Accordingly, in this study, we determined UII contents in the plasma and myocardium, and UT mRNA expression in the
myocardium with fibrogenesis of rats induced by isoproterenol (ISO). We also determined whether UII is involved in the
development of cardiac hypertrophy and fibrogenesis.
Materials and methods
Materials Male Wistar rats weighing 180_200 g were supplied by the Animal Center, Health Science Center, Peking
University (Beijing, China). Animal care and experimental protocols were in compliance with the Animal Management Rules
of China (Documentation No 55, 2001, Ministry of Health, China) and the Guide for Care and Use of Laboratory Animals,
Peking University First Hospital.
Rat UII (pEHGTAPECFWKYCI) and the radioimmunoassay (RIA) kit of rat UII were purchased from Phoenix
Pharmaceuticals Inc (Belmont, CA, USA). The RIA kit of Ang II and ALD were purchased from Furui Pharmaceutical Inc (Beijing, China).
Dulbecco's modified Eagle's medium (DMEM) was purchased from Sigma (St Louis, MO, USA). Fetal bovine serum (FBS)

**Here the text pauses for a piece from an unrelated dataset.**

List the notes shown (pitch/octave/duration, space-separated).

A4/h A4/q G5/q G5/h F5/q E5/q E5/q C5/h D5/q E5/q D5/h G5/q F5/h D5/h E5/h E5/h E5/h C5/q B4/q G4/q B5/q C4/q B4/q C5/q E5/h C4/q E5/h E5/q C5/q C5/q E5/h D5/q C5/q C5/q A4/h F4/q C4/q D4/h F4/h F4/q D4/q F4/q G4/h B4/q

was from Hyclone (Logan, UT, USA). [3H]Thymidine and
[3H]proline were from Amersham Pharmacia Biotech (Freiburg,
Germany). Trizol and dNTP were from Clontech Laboratories (Palo Alto, CA, USA). Moloney murine leukemia virus
transcriptase (MMLV), Taq DNA polymerase and oligo
(dT)15 primer were from Promega (Madison, WI, USA). Oligonucleotides
were synthesized by Sai Baisheng Biotechnology (Beijing, China). The sequences of oligonucleotide primers were: rUT-S:
5'-GCATC-TTCACCCTGACCATAA-3'; rUT-A: 5'-CCCAGAAGAGAA-GGACGATACC-3';
b-actin S: 5'-ATCTGGCACCACACCTTC-3'; and b-actin A: 5'-AGCCAGGTCCAGACGCA-3'.
Products amplified by UT
and b-actin primers were 399 bp and 291 bp, respectively.
Preparation of animals Thirty male Wistar rats (weight 190±10 g) were randomly and equally divided into 3 groups: group
1, control; group 2, ISO-treated; and group 3, ISO and UII co-treated. In groups 2 and group 3, ISO (5
mg·kg-1·d-1) was subcutaneously injected into the rats once a day. In group 1, the rats were given sc injections of 0.9% saline instead of
ISO[17]. The rats of group 3 were also given iv injections of UII [3 nmol/kg (5 µg/kg)] on the first day, followed by sc injections
of UII (1.5 µg/kg), twice daily. These treatments lasted for 7 d. On d 8, no special treatment was given to these rats. Caudal
artery pressure and heart rate were measured with a determinator (sphygmomanometer, Chinese-Japanese Friendship Hospital,
Beijing, China) before and after treatment.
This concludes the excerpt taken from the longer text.